Le titre Ballade pour Adeline a été synchronisé dans une scène de meurtre de la série Narcos - Mexico. Considérant que l'usage de sa musique dans une scène de violence porte atteinte à son droit moral, ainsi que le fait d'avoir fragmenté le morceau et de ne pas l'avoir crédité au générique, le compositeur a assigné plusieurs sociétés impliquées dans la série. Il réclame notamment 1 million d'euros de dommages et intérêts au titre du droit au respect de l'oeuvre, 500 000 euros au titre du droit à la paternité, et 500 000 euros pour préjudice moral distinct.
Le respect de l'oeuvre
Association avec une scène violente
Le tribunal commence par décrire la scène sur laquelle a été synchronisée la musique, et admet que celle-ci est particulièrement violente. Néanmoins, les juges précisent que « l'usage de l'oeuvre pour illustrer la représentation de la violence n'est en soi illicite que si l'esprit de l'oeuvre y est incompatible, ce qui ne se présume pas ». En l'espèce, ils vont alors chercher à déterminer si oui ou non l'esprit de la musique est incompatible avec la scène de violence.
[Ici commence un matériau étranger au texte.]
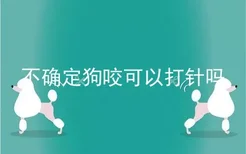 不确定狗咬可以打针吗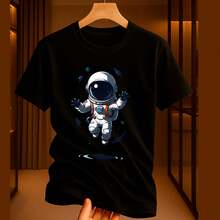 Astronaut T-Shirt 100% Cotton 30.1 - Boys' T-Shirt For Pre-Teens And Children - 黑色 - 查看 2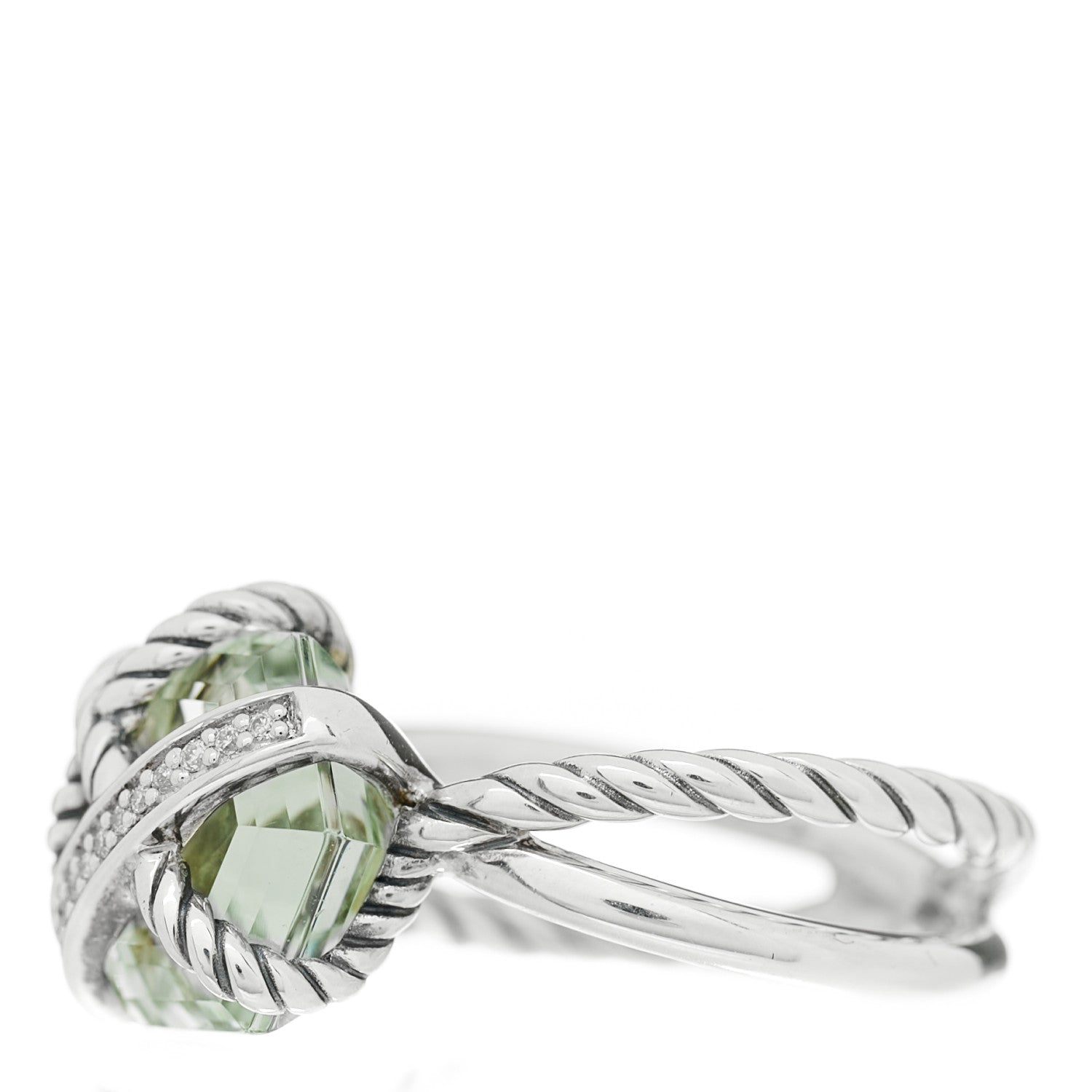 David Yurman Sterling Silver Diamond Prasiolite 10mm Cable Wrap Ring 50 5.25 3 of 5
Se fondant sur divers éléments, tels que l'ambiance du thème musical, le nom de l'album, le répertoire habituel de l'artiste, la dédicace de la chanson à sa fille, le tribunal indique que l'esprit de l'oeuvre n'est pas univoque et va plus loin que simplement « l'amour » ou la « pureté », comme le démontre un précédemment usage dans une scène de film montrant le suicide d'une femme devant un enfant.
Ainsi, le tribunal considère que « l'oeuvre a été conçue, ou du moins a évolué avec l'accord de l'auteur, dans un esprit qui n'est pas exclusivement la tendresse, l'amour ou la pureté, et qui n'interdit pas par principe l'association avec la représentation choquante de la violence » et rejette la demande du compositeur concernant l'atteinte au droit au respect de l'oeuvre de ce fait.
Fragmentation
Dans la mesure où le compositeur a contractuellement autorisé l'usage de son oeuvre de manière fragmentée, le tribunal considère que celui-ci ne peut se fonder sur cette fragmentation pour justifier une atteinte à son droit moral.
Absence de mention au générique
La violation du droit à la paternité est ici admise par les juges, qui reconnaissent que ni l'oeuvre ni son auteur ne sont mentionnés au générique de l'épisode de la série dans lequel la musique a été synchronisée.
Concernant ces demandes, le tribunal a donc simplement condamné in solidum les sociétés attaquées à verser 1000 euros de dommages et intérêts à l'auteur pour la violation de son droit à la paternité.
Cette décision nous permet de comprendre que l'exploitation d'une oeuvre musicale au sein d'une scène violente ne suffit pas en elle-même caractériser une atteinte au droit moral de son auteur : il est nécessaire de démontrer l'incompatibilité avec l'esprit de l'oeuvre.